#### ASSIGNED TASK:
Images are to be dropped, and the rest of the data reproduced exactly.

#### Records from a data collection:
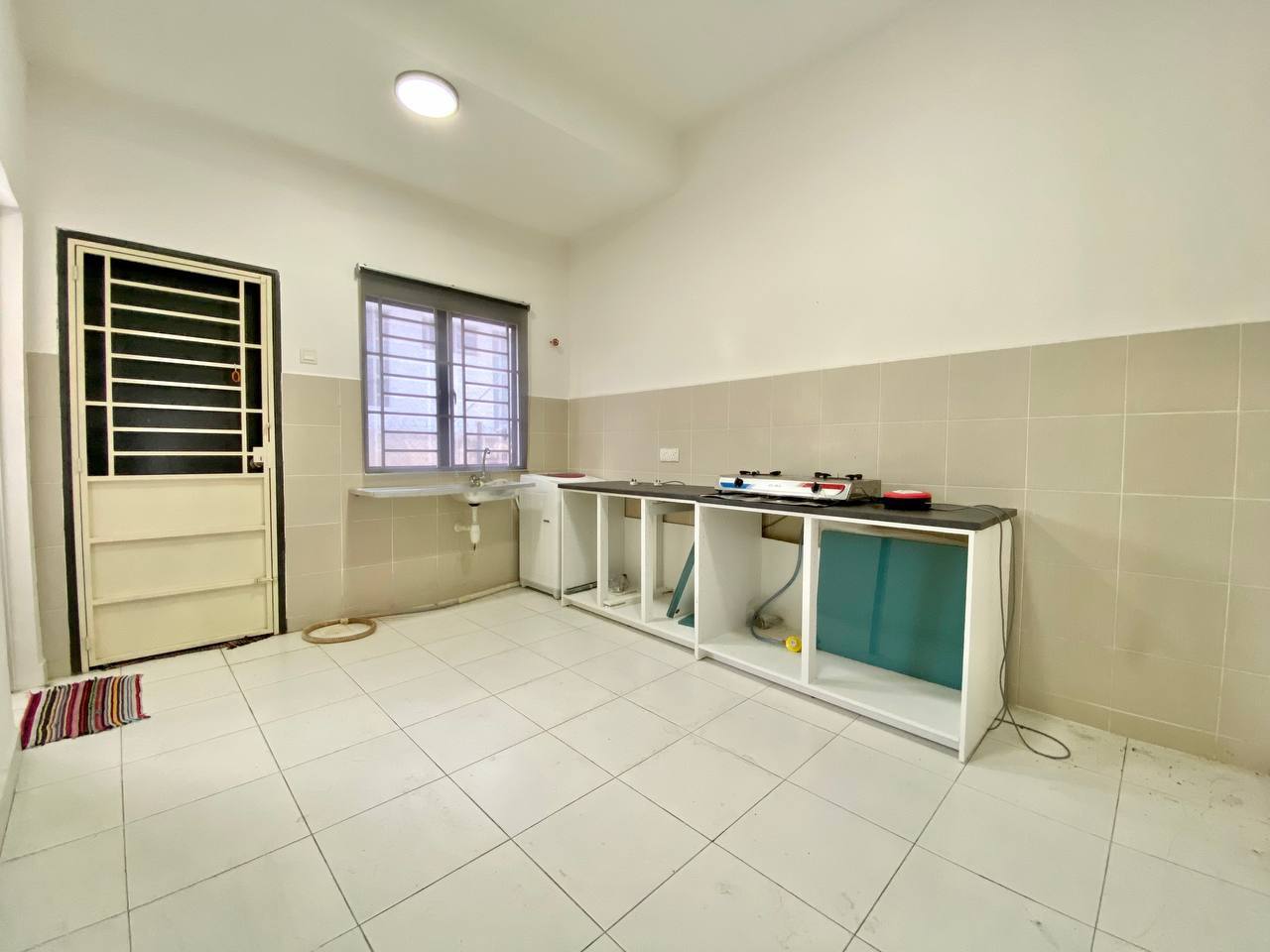 DOUBLE STOREY SEMENYIH PARKLANDS - photo 4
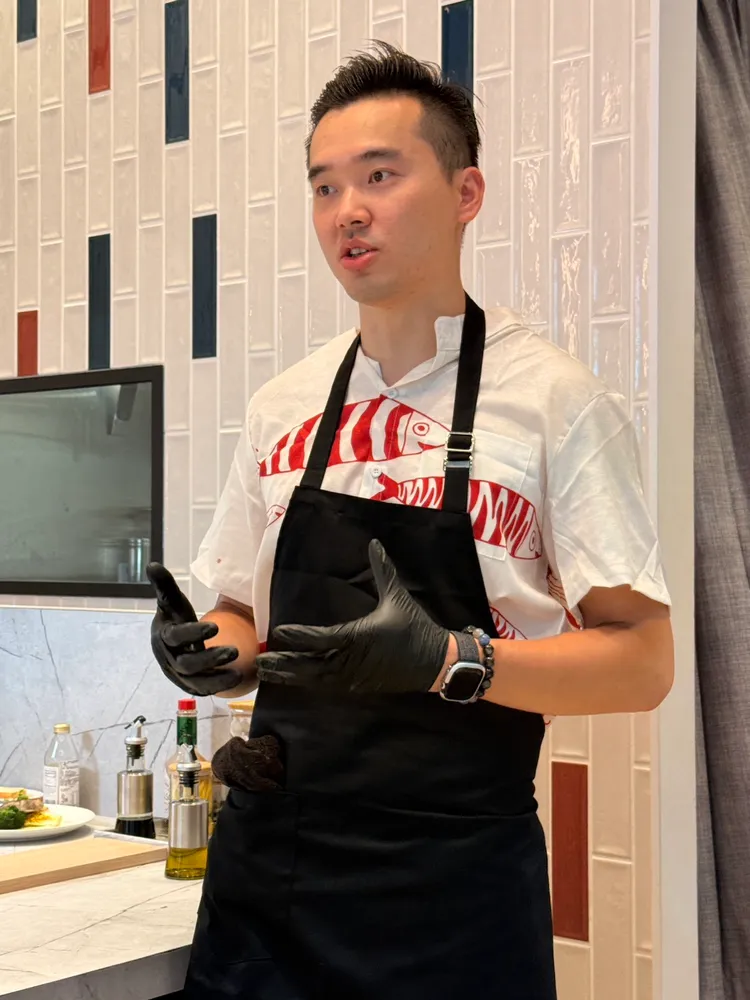 主廚以洋食料理思維重新處理烤魚，依照魚肉質地、油脂比例與炭火香氣設計搭配，讓酸度、甜感、鹹香與香料層次在餐盤中取得平衡。陳揚盛攝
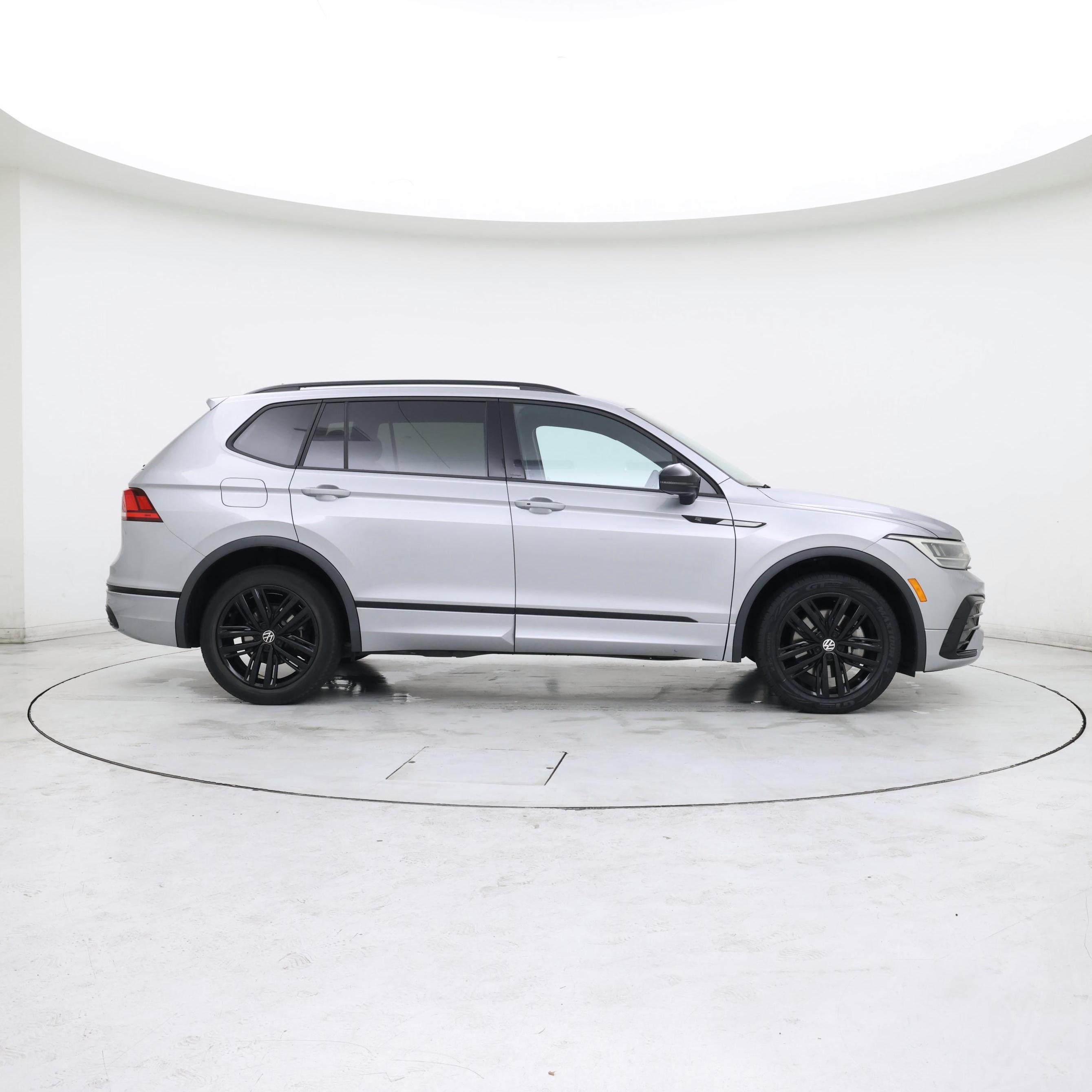 Thumbnail: 2022 Volkswagen Tiguan - 7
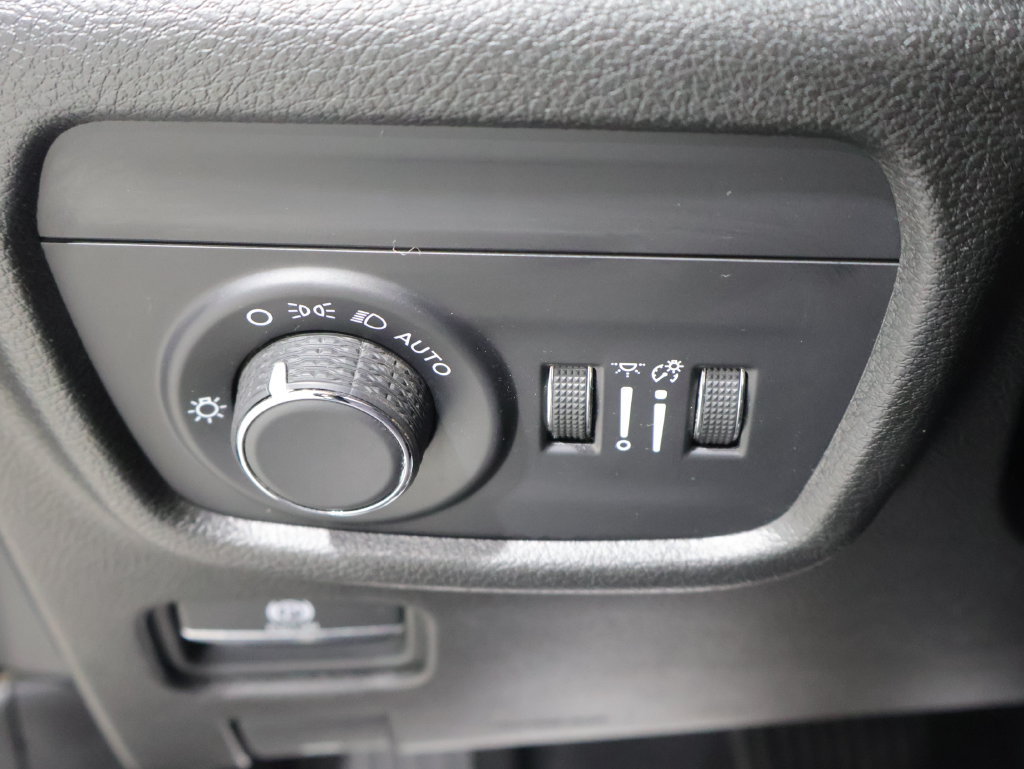 Used 2023 Jeep Grand Cherokee Altitude AWD/4WD image 29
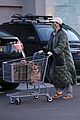 katy perry spotted getting groceries during break from vegas residency 16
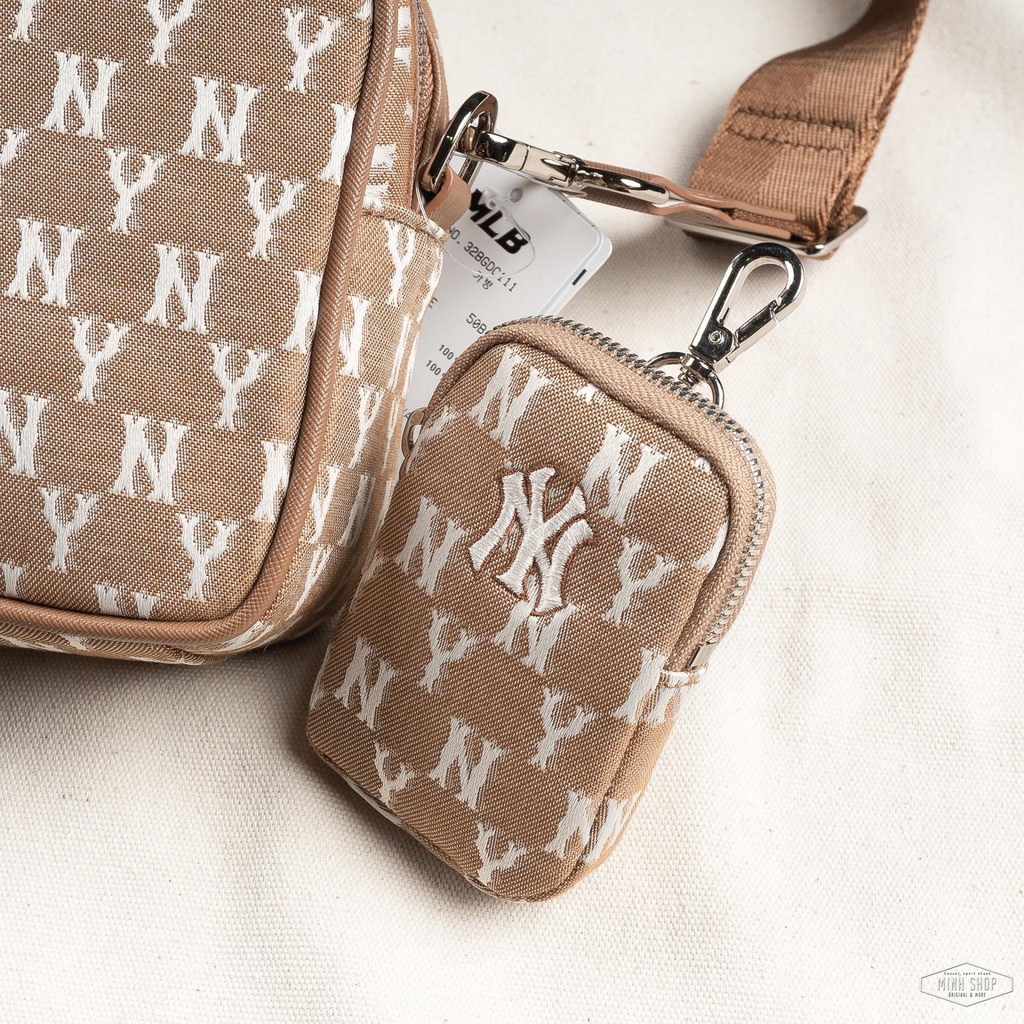 ✅  Túi đeo chéo MLB MONOGRAM Jacquard Cross Bag NEW YORK YANKEES - Beige 3ACRM041N-50BGS | CÓ SẴN HÀNG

#### RESPONSE TO THIS EXERCISE:
 DOUBLE STOREY SEMENYIH PARKLANDS - photo 4
 主廚以洋食料理思維重新處理烤魚，依照魚肉質地、油脂比例與炭火香氣設計搭配，讓酸度、甜感、鹹香與香料層次在餐盤中取得平衡。陳揚盛攝
 Thumbnail: 2022 Volkswagen Tiguan - 7
 Used 2023 Jeep Grand Cherokee Altitude AWD/4WD image 29
 katy perry spotted getting groceries during break from vegas residency 16
 ✅  Túi đeo chéo MLB MONOGRAM Jacquard Cross Bag NEW YORK YANKEES - Beige 3ACRM041N-50BGS | CÓ SẴN HÀNG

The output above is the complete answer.